産業界でも、パワハラによって組織崩壊した例は後を絶たない。例えば、過去にユニクロ店舗で発生したパワハラ事件(ファーストリテイリング事件)では、店長からの暴行や上司の暴言が問題となり、最終的には裁判にまで発展した。このようなパワハラは、長期的な経営に深刻なダメージを与えるのである。

 大きな社会問題となっているのを受けて、パワハラを扱う産業心理学の研究が、多数登場するようになっている。

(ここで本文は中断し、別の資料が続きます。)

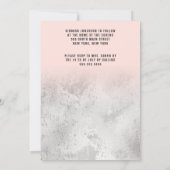 Hebreeuws Roze Goud Roze Zilveren Ster Bar Mitswa Kaart (Achterkant)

今回紹介したほかにも例えば、津野香奈美著「パワーハラスメントが起こる個人的要因と組織的要因」(2024年、『産業精神保健』誌掲載)では、厚労省での研究成果に基づき、職場にコミュニケーションが少なかったり、残業が多かったり、業績が悪かったり、従業員間でのからかいが日常的であったりといった、ストレスがたまりそれがはけ口として行動に起こされやすい場であるほど、パワハラが発生しやすいことが明らかになっている。

 津野氏の研究が伝えるのは、つまるところ、パワハラはある程度まで発生しやすい条件が明らかなのだから、職場環境の改善で予防できるということでもある。職場の崩壊を防ぎたければ、パワハラを属人的な問題とせず、全社を挙げて対策をすべきなのだ。